Yom Kippur, the Day of Atonement, doesn’t come like a bolt out of the blue. The entire preceding month offers opportunities—personal and communal, formal and impromptu—for teshuva, often translated as “repentance” and related to the word “return.” Some Jews pray for forgiveness in the synagogue, pouring out emotion, crying, throwing up their hands. Some ask others for forgiveness, initiating honest conversations about wrongdoings of the past year. Yom Kippur itself, the day of judgement, begins with Kol Nidre, the eve of Yom Kippur, and ends at Neila, the closing of the gates, when Jews ask God to forgive us as an entire community, acknowledging our own small existence relative to God’s power.
In Brooklyn, I would walk to shul on Kol Nidre among the diversity of people in my neighborhood. Some, observing the custom of not wearing leather on Yom Kippur, I could spot straightaway as Jews walking to synagogue—dressed in fancy clothing but donning flip-flops, for example. Most were on their way to the park if it were a warm night, or headed to dinner, or coming home from work, relieved. In Jerusalem, I walked out of my apartment building to find dozens of people in the street, many wearing either the white kittel (a garment worn most by Orthodox men, resembling the garment that will cover them in death and burial) or wearing white clothing more generally—both serving as reminders of the unique and awesome significance of this day, the day on which God decides our ultimate fate. It seemed like everyone was headed to the same place, for the same purpose. This turning felt nearly automatic, not even a conscious choice.

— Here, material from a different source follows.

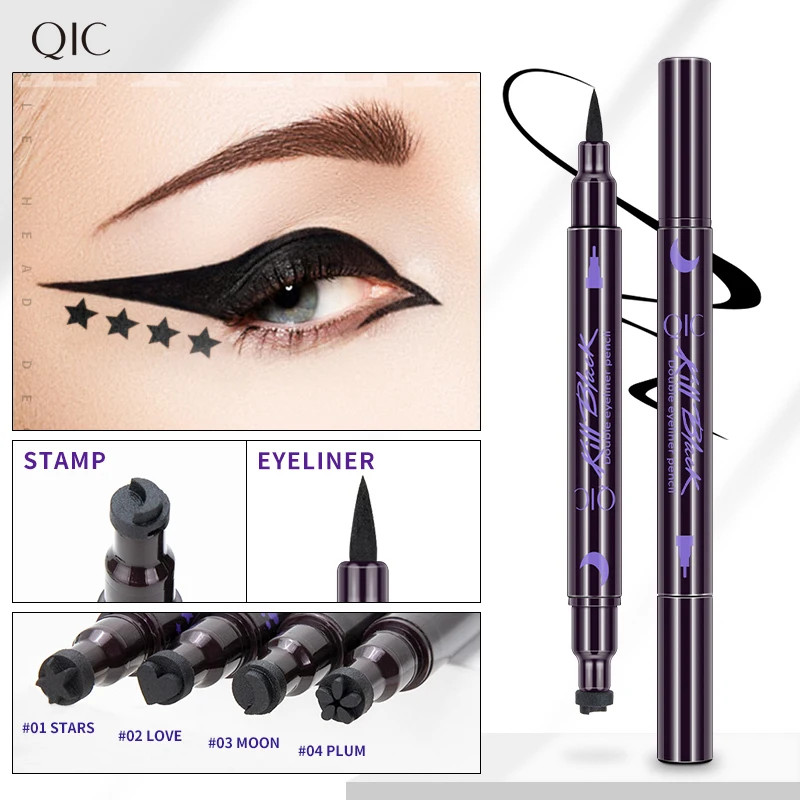 

QIC Double-head Stamp Eyeliner Black Liquid Eyeliner Waterproof Tattoo Pen Makeup Tools 4 Stamp Styles of Star/Moon/Titoni/Heart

Walking to shul on streets empty of cars, with traffic lights taking a rest for the entire day, in a community and a city where most of the other people on the streets were also headed to pray, I started to ask myself about turns and returns. What happens next year, when the walk to shul on Kol Nidre again becomes a choice I make? If my decision to pray on Kol Nidre, to fast and spend the entire day in shul on Yom Kippur, is challenged, how will I respond? What kind of turns will I take?
In many ways—and these ways are complicated by the fact that I am a Reform convert, a woman, and a lesbian—being a Jew and not living a Jewish life in Israel would be impossible. On Shabbat in Jerusalem, buses stop running and businesses shut down. There is practically a shul on every corner and people walk around the city dressed in their finest, celebrating and gathering with friends. I have a community of people to share Shabbat dinner with every week. The school year and the work year here run according to the Jewish calendar. The entire country, in one way or another, observes Yom Kippur (whether in synagogue or not). On Kol Nidre, after services were over, I walked with my friends to a nearby neighborhood. We must have seen hundreds of others dressed in white, walking, in the middle of the street, past closed shops and restaurants.
Teshuva for me begins this year and carries into the next. I hope that I can turn my own Jewish practice back in Brooklyn a bit towards Jerusalem. Just as we face East, face Jerusalem, face the Temple, face the Holy of Holies when we pray, I want to turn my “home” observance toward this place, where Judaism infuses nearly every aspect of life.